As soon as you can, start sending a weekly newsletter to the Engineering team. And by 'as soon as you can', I mean start this week.

The aim is to share what you know with the team, some of whom may be remote, on PTO or (hopefully) not in as many meetings as you.

Tell Them Everything.

Scheduling

Pick a day - Thursday EOD works great - and put it on your calendar. To start out you might need a reminder at 8am "Write newsletter" and another at 4pm to send it.

I don't remember the source - Jack Welch perhaps? - but I remember reading that Thursday afternoon was the best time to do this, as well as send a weekly status to your boss of what you'd been up to (but that's another subject).

Keep a list updated (Dynalist is my favorite) of what has happened in the week, so when you sit down to write this you have the content mapped out already.

Newsletter content

This isn't a big commitment; you'll probably spend an hour a week in total on this. You can also delegate some sections to your project managers, team leads or recruiters.

Remember, the whole point is to make sure your whole team knows what they need to know, as well as encouraging a social bond within the team. So, as always, Tell Them Everything, including the bad stuff.

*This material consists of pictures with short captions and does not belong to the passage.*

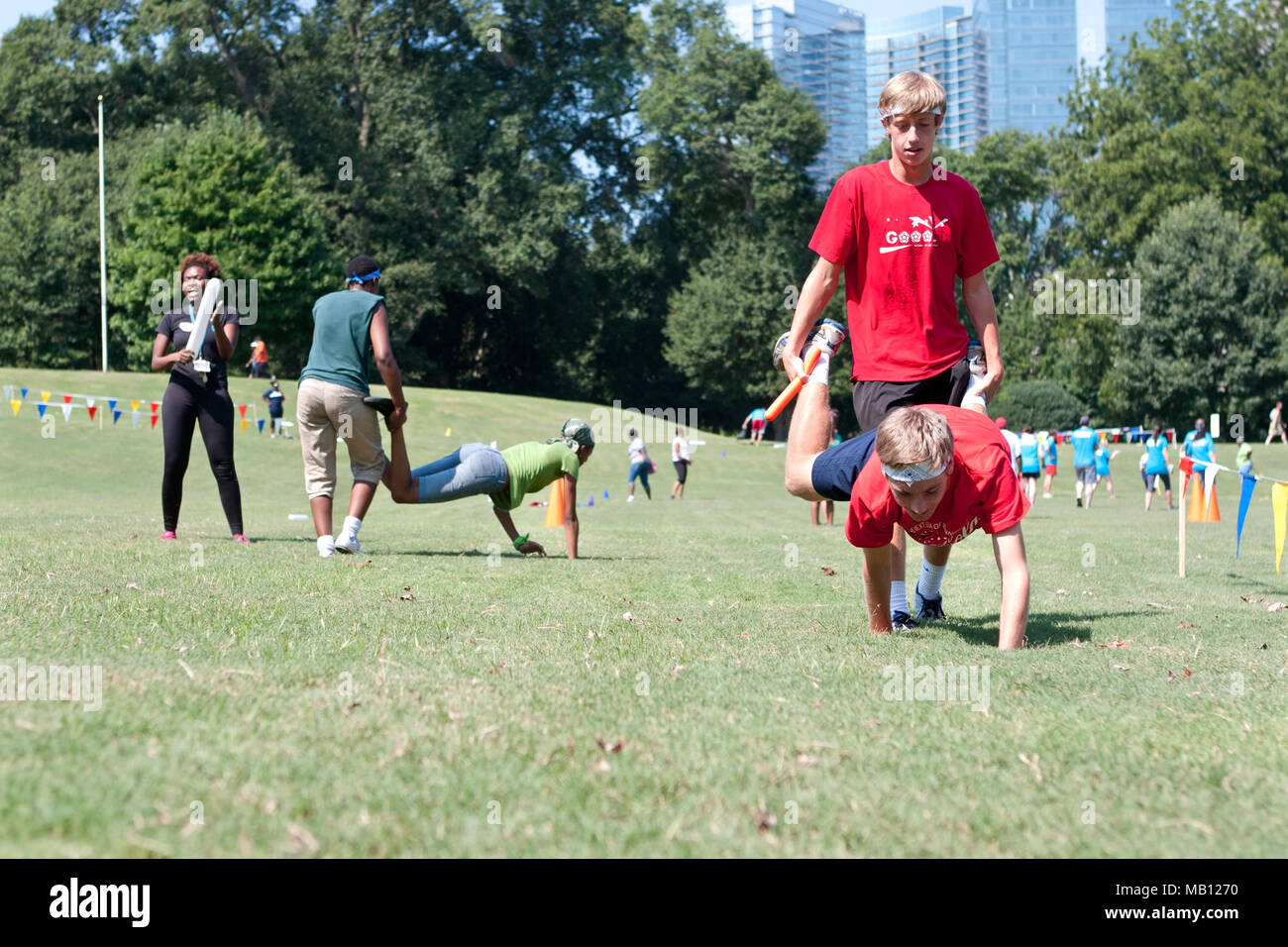Two young men compete in the wheelbarrow race at A Day For Kids, a charity  event on September 7, 2013 in Atlanta, GA Stock Photo - Alamy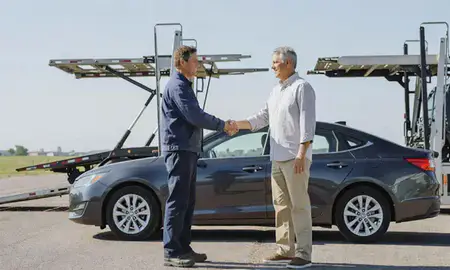 Vehicle owner beside their delivered car in North Platte, Nebraska, United States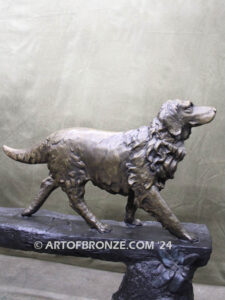 Day of Adventure bronze sculpture of two children and dog strolling across bronze log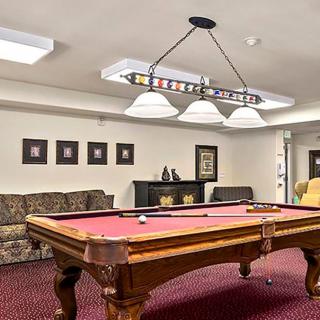 A cozy recreation room featuring a stylish pool table and comfortable seating.
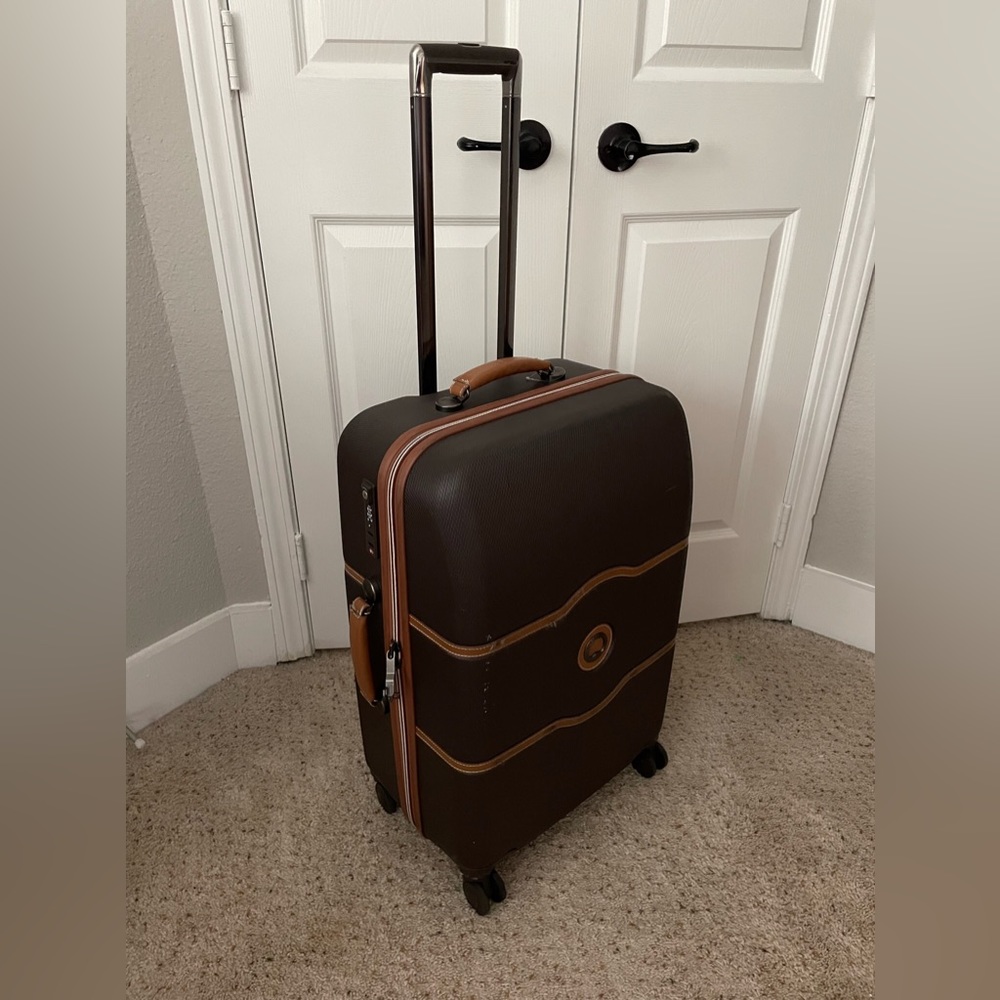 Delsey 24” spinner luggage suitcase used once brown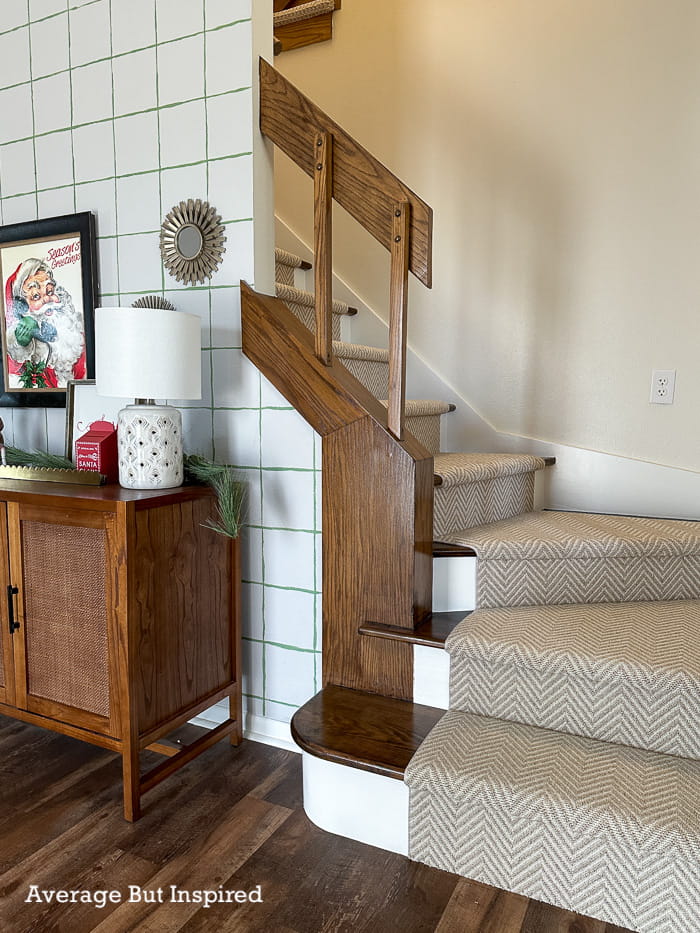 A modern stair runner in a subtle chevron pattern was installed on a 1970s staircase to give it a transitional feel. The runner is by Stanton and the pattern is Wishbone.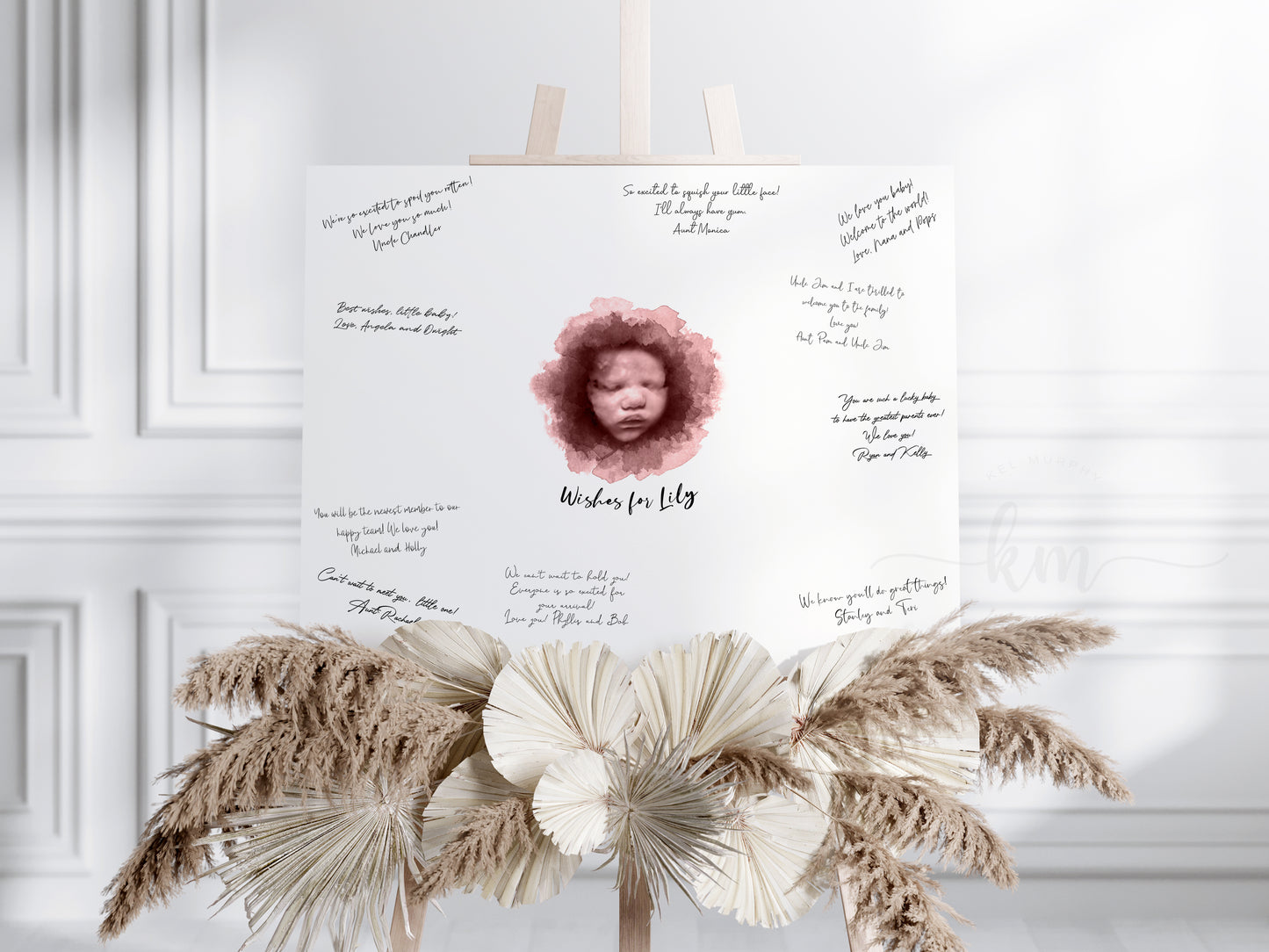 Holding watercolor ultrasound guestbook print with baby’s name

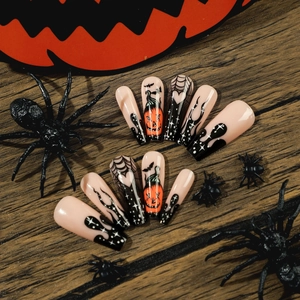 Halloween press-on nails with black spider webs, orange pumpkins and bat motifs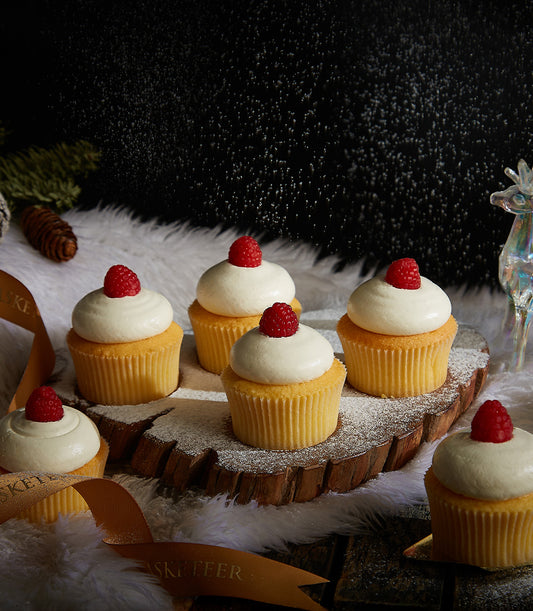 White vanilla cupcakes with raspberry and frosting swirls, Christmas bakery gift box from Charlotte Bakery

Odds are, they'll know about it anyway via the jungle drums, but you can at least share your perspective on the subject.

Personnel content

  • Recognition and kudos for team members
  • Roles you are recruiting for
  • Who you've hired, who left the company
  • Who's been promoted or changed roles
  • Training opportunities

Calendar content

  • Anniversaries and birthdays
  • Upcoming events; releases, kickoffs, happy hours, etc
  • Who's on PTO or OOO next week
  • User groups
  • Local charity events

Company content

  • Public news, and links to posts from social team
  • Internal changes; pivots, management changes
  • Core values, mission

Project content

  • Project updates, releases, kickoffs
  • Product roadmap; what's next
  • Process changes

Technical content

Talk or link to interesting content on any technical subject:

  • Coding standards
  • CI/CD
  • Unit testing
  • Agile process, Kanban, gitflow
  • Code reviews
  • DoD
  • Technical debt
  • Pragmatism
  • Tools and libraries

Your soapbox

  • Recommended podcasts, books
  • Pep talks; changes, improvements, technical
  • Inspirational quotes and videos
  • Share your life; home projects, recent restaurants

Bits and pieces (one-liners)

Keep an archive

Once you're complete and you've sent the email, print it to pdf and store in a shared folder, corporate dropbox or similar.